Jig, the American waiting for the train in Hemingway's story, is bored and full of self-doubt when she declares the taste of ennui to have this particular flavour. Generative AI machines devour our work and regurgitate it—until everything tastes 'like licorice.' In the long writing game I have played, this usurpation seems to have happened suddenly. After a life of learning to write so that I would be taken seriously, so that I could find meaning and think critically, it turns out it’s actually grist. In a world where content has replaced meaning, no one with power takes writers seriously.
I have left social media platforms where I once had an audience because I just couldn’t stomach it anymore—the idea that a machine was manipulating the messages of friends and other writers and artists in order to keep me scrolling. It clearly failed, and I deeply rebelled at this invasion. What I've posted on places like Facebook and Instagram is fodder for some behemoth that has already been fed the full-length works of my peers via the pirate website LibGen.
People who use AI to generate 'content' (never art) are perhaps trying to short-cut the guess work, heartache and years of soul-infused labour that goes into making work.

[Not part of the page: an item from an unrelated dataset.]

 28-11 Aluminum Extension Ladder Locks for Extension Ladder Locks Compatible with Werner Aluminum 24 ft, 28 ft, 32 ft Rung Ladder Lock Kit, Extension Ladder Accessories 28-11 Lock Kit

Maybe they don't believe they have a right to language–to critical thought. Has this been drilled out of them? It may seem easy to use but the cost is high–both environmentally and aesthetically. Generative AI uses huge amounts of energy and clean water, and yet the results are impoverished, fool's gold.
There are no short-cuts to the transformative magic of learning to write. One learns this only with agency, as a reading-apprentice. By the logic of late capitalism–if learning to write is this much work with so littler return, is it even worth doing? AI will do a solidly mediocre job of it, so why even try? You'll never have to rewrite anything for anyone ever again. Shouldn't this be something to celebrate?

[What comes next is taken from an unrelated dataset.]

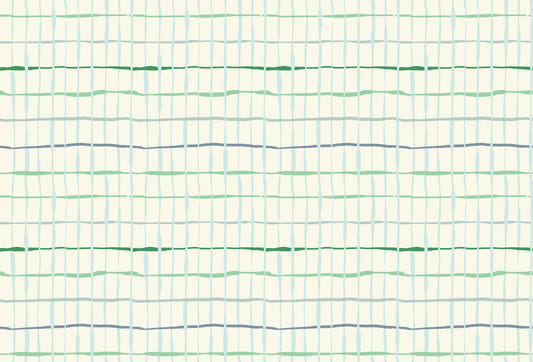 Light Green Handdrawn Lines Wallpaper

Writing is a uniquely human process: the alchemist-poet’s techniques enable us to transmute absurdity, tragedy and existential dread into golden meaning. Language itself becomes consolation. This process can't be cheated, yet in the tyranny of the marketplace, these hard-won skills are seemingly obsolete.
“…once they take it away, you never get it back.”
I wanted to wait until I had an answer or perhaps some good news to write this post. I waited for perspective that never came. Perhaps if I fed my dilemma to ChatGPT it would give shape to this thing that’s in the way of me writing.
It will undoubtedly taste of liquorice.
AI will eventually be exposed as a white elephant, a business venture with costs far outweighing its value, but how much of what we know to be true about ourselves will be lost in the process? How much is already gone?
Hey there, teacher whose name I can’t even remember now, I am giving this particular hell its due, writing it out to get to the other side. Thanks for passing that skill on to me. I survived you, and so many like you–simply by continuing to write.
That manual typewriter, now long gone, is looking pretty good right now.
“Would you please please please please please please please stop talking?”
*Quotations from Ernest Hemingway’s “Hills Like White Elephants”, 1927.
Title is a reference to this Sparks song that's in theory about sperm, but could also be about Gen AI.